> [What the task requires]
Reproduce the lines below exactly, from the one containing "planner icon, isolated" through the one containing "MD CARE AntiAc", both included. Leave out any pictures.

> [Records supplied]
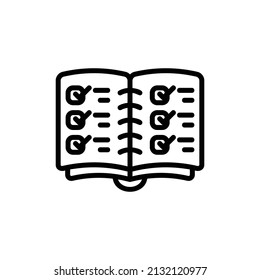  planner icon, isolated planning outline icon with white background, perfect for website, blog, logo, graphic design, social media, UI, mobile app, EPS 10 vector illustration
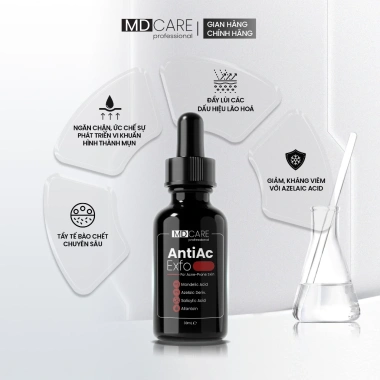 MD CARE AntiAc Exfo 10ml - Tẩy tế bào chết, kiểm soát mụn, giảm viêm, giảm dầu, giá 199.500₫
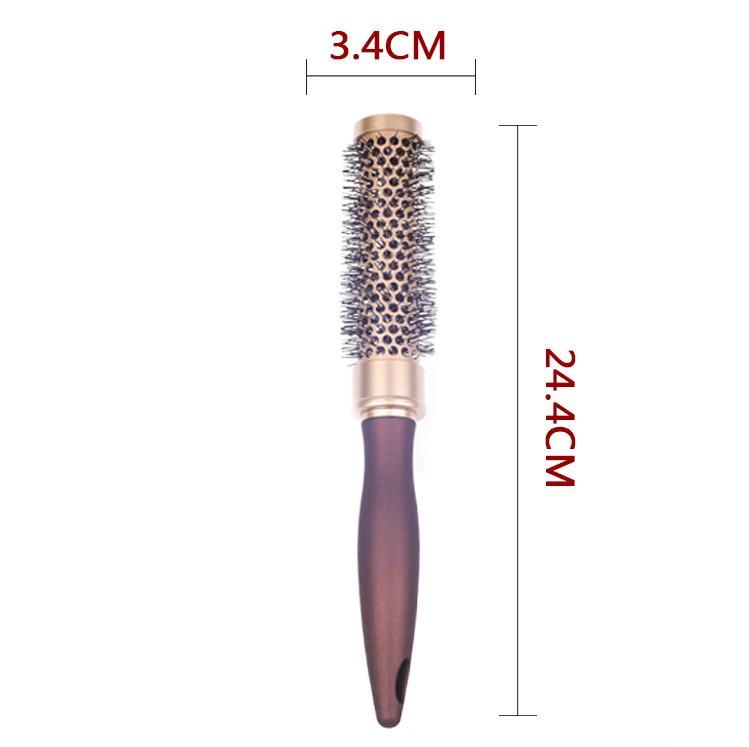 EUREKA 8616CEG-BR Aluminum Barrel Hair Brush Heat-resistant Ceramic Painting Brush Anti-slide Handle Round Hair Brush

--

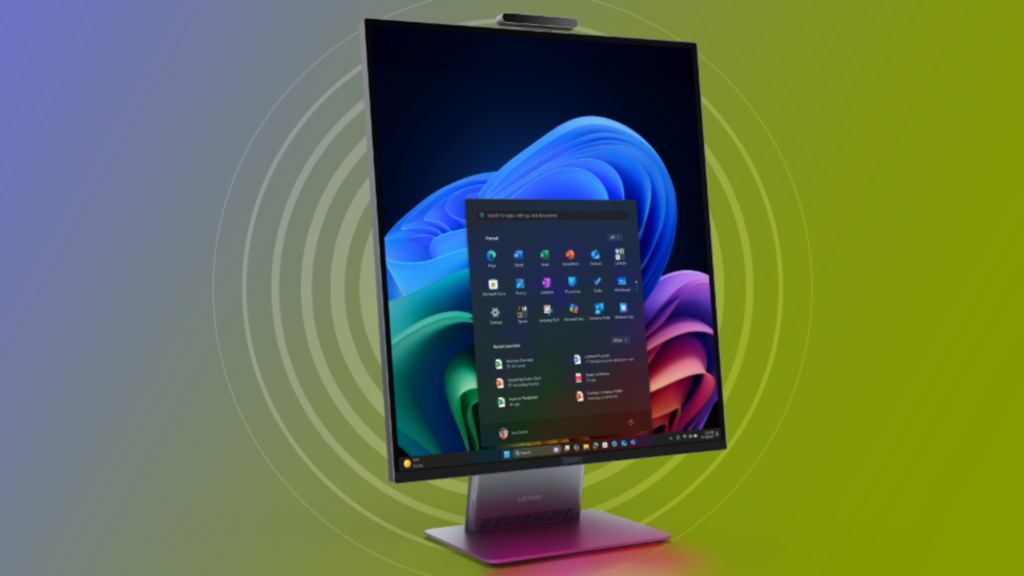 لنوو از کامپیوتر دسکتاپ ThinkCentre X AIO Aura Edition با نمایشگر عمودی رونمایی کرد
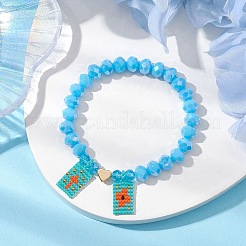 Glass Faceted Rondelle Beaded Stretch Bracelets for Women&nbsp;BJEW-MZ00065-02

==

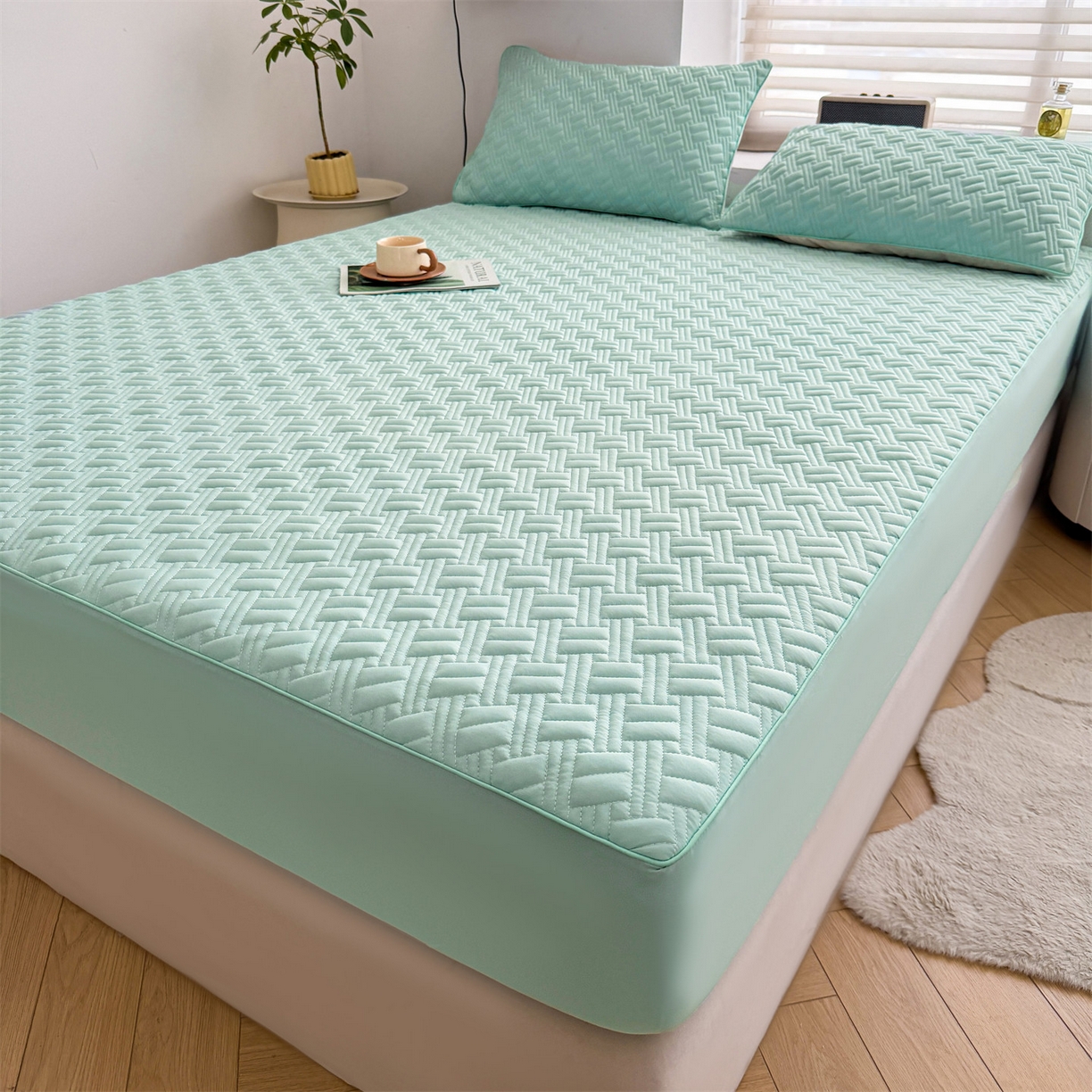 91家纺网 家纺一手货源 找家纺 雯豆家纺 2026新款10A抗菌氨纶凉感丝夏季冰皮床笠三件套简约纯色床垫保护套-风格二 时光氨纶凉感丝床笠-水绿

> [Solved problem]
  planner icon, isolated planning outline icon with white background, perfect for website, blog, logo, graphic design, social media, UI, mobile app, EPS 10 vector illustration
 MD CARE AntiAc Exfo 10ml - Tẩy tế bào chết, kiểm soát mụn, giảm viêm, giảm dầu, giá 199.500₫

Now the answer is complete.